The problem = Copy out each line of the material exactly. Pictures do not belong in the copy.

Input data =
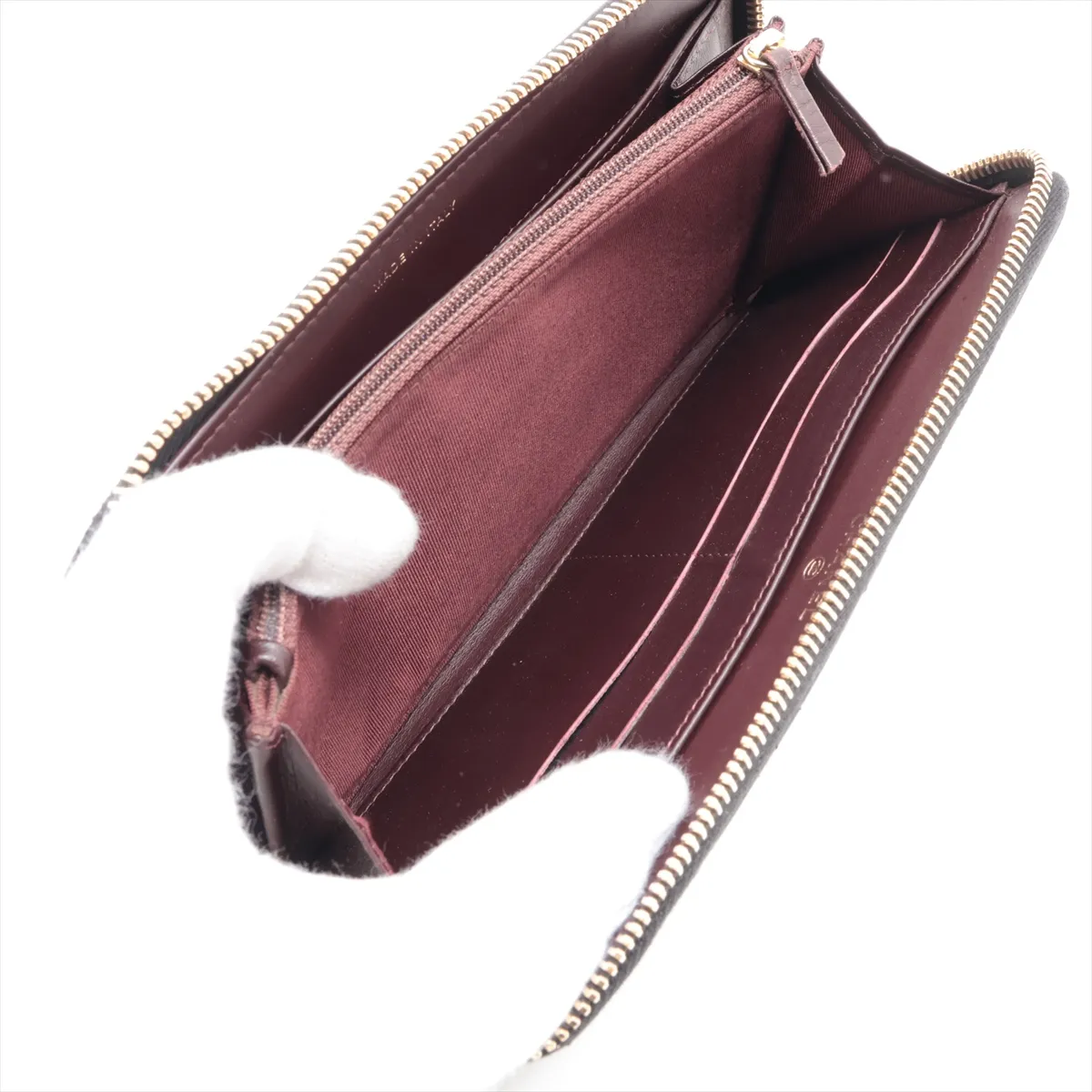 Matelassé Caviar Skin Round Zip Wallet, Black with Gold Hardware, 20055575 — view 6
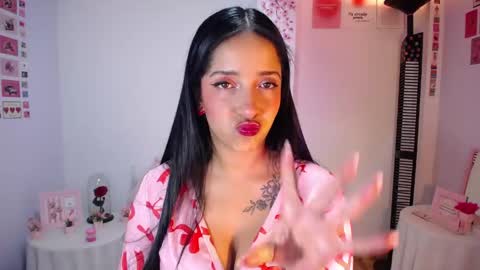 Nicolle online show from May 17, 5:01 pm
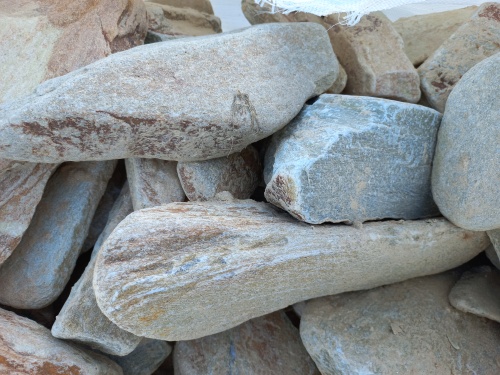 Златолит жёлтый, жёлто-зелёный глыбки и валуны для ланшафтного дизайна купить в Ревде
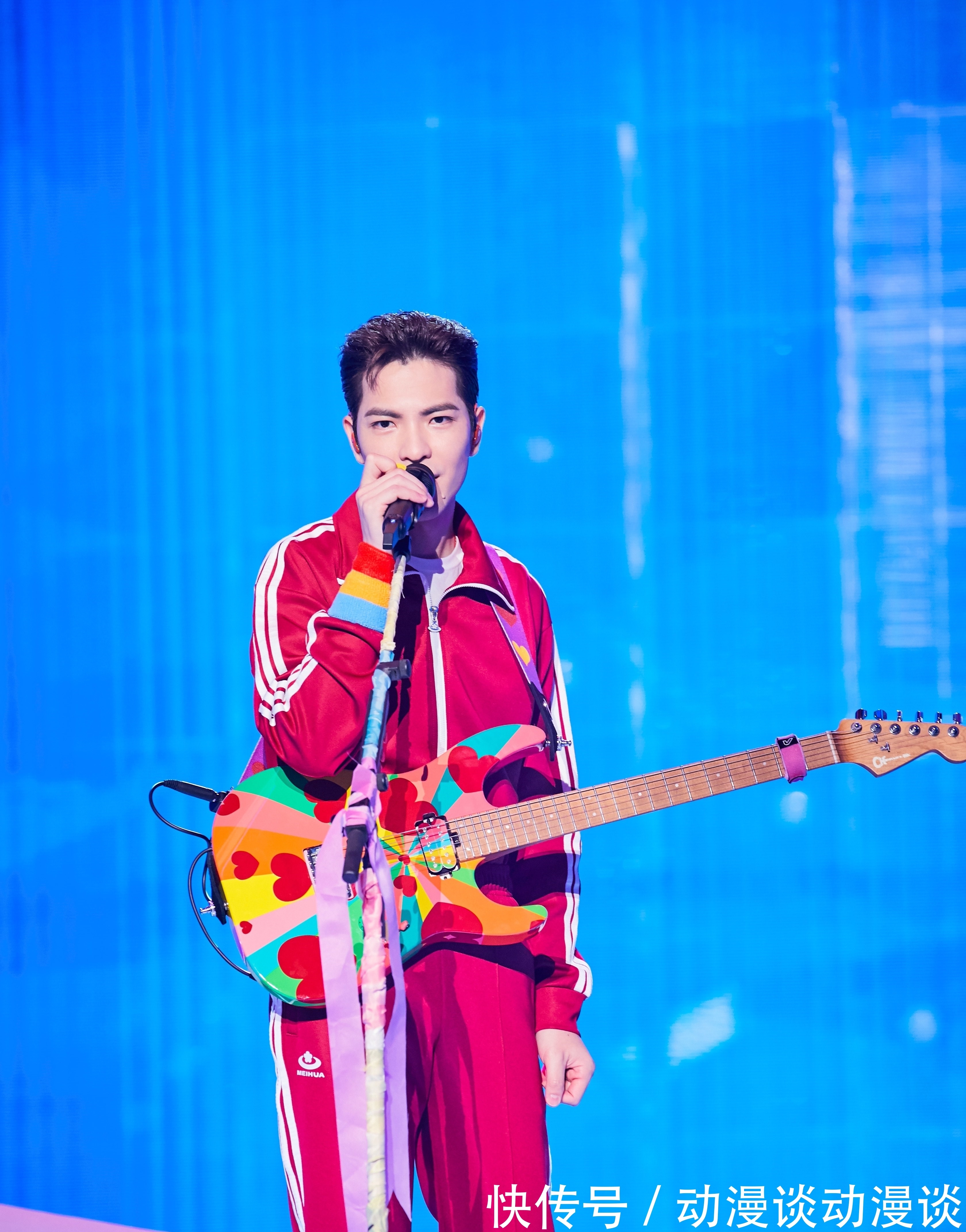 華納音樂|蕭敬騰《已讀不回94我》上線,發(fā)行即橫掃各大數(shù)位平臺(tái)榜單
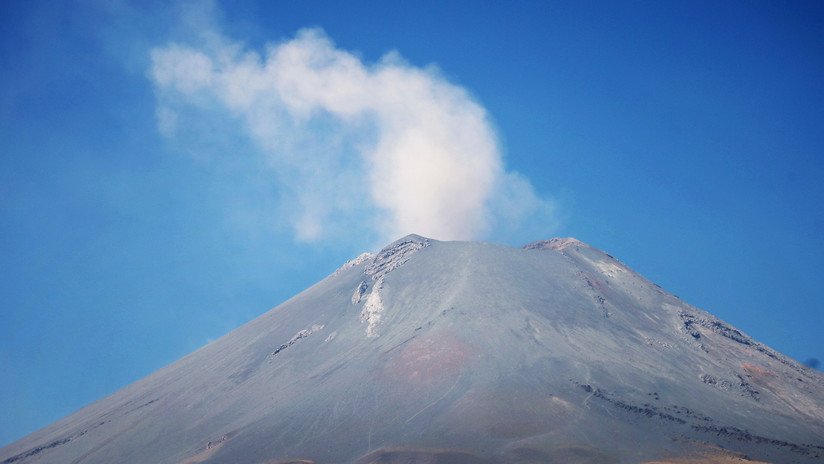 VIDEO: Filman la erupción del Popocatépetl desde un avión de pasajeros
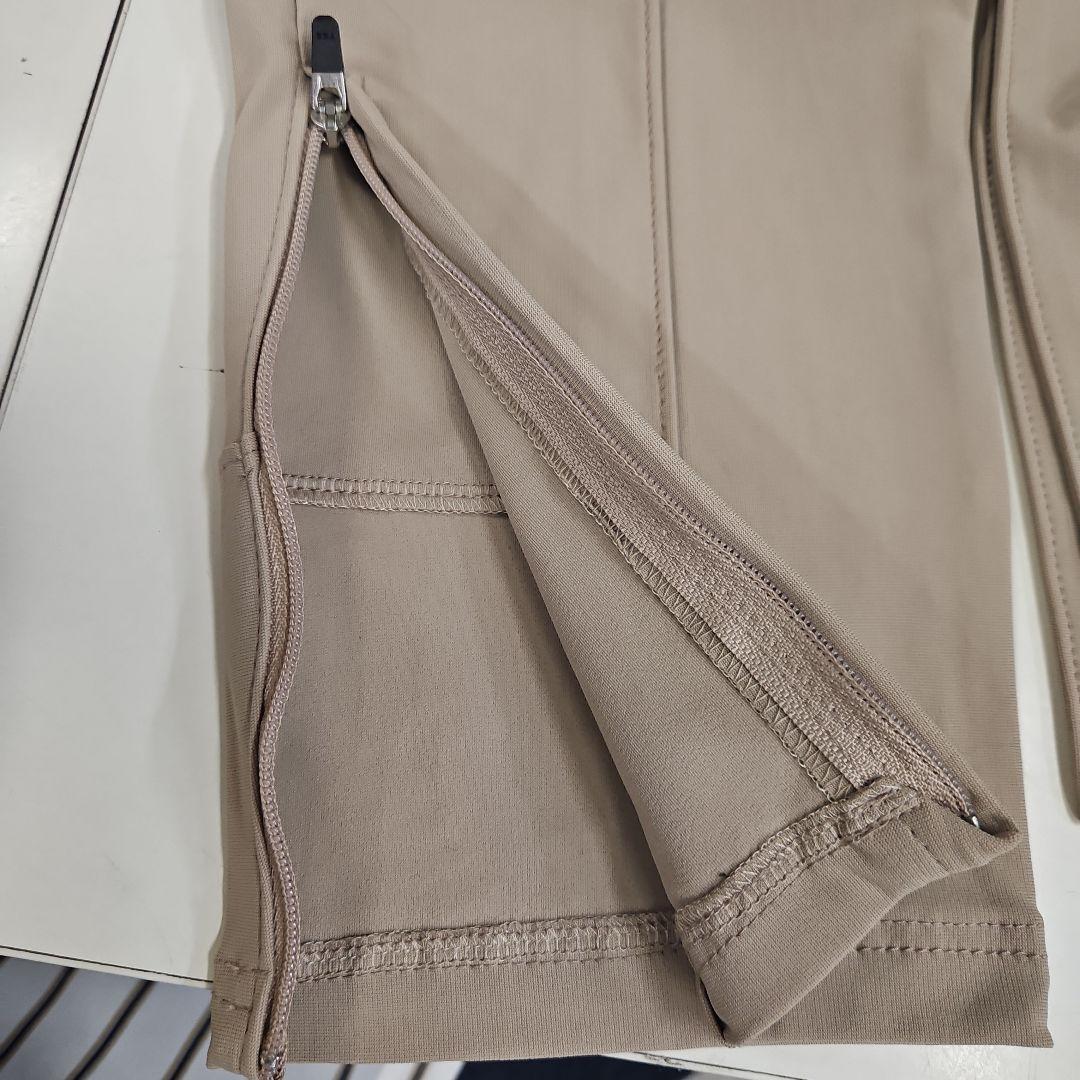 CRONOS ベージュ スリムフィットスーツとマスク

Output below =
 Matelassé Caviar Skin Round Zip Wallet, Black with Gold Hardware, 20055575 — view 6
 Nicolle online show from May 17, 5:01 pm
 Златолит жёлтый, жёлто-зелёный глыбки и валуны для ланшафтного дизайна купить в Ревде
 華納音樂|蕭敬騰《已讀不回94我》上線,發(fā)行即橫掃各大數(shù)位平臺(tái)榜單
 VIDEO: Filman la erupción del Popocatépetl desde un avión de pasajeros
 CRONOS ベージュ スリムフィットスーツとマスク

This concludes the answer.